*** Data shown ***

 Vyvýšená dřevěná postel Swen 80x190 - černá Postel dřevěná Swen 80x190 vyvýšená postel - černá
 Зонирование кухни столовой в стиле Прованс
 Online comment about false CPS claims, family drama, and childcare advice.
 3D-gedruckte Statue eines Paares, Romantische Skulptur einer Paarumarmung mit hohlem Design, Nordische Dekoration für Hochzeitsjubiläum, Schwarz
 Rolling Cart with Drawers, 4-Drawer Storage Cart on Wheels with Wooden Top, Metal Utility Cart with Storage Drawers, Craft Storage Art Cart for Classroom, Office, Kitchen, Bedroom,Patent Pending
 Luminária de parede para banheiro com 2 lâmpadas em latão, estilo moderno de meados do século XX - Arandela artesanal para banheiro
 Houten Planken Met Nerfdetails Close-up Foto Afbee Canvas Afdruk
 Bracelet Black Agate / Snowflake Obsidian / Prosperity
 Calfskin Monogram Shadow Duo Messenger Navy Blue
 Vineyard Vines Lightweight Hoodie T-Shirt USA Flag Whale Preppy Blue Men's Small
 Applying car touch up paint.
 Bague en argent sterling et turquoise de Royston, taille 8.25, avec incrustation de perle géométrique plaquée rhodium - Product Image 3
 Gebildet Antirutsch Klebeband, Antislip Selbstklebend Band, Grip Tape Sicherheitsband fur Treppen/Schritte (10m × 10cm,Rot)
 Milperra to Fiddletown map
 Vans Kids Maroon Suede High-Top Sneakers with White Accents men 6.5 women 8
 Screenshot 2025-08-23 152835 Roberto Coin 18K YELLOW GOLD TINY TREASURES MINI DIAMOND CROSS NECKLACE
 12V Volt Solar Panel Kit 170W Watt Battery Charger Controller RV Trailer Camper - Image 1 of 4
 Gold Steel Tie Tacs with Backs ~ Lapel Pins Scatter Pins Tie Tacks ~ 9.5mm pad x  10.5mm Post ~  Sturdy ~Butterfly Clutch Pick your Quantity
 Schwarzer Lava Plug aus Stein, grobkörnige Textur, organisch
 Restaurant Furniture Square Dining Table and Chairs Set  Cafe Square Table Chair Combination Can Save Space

*** End of Data shown ***

Only a number is wanted here: how many lines of the records above include the string "Blue"?

**Response to this task**
2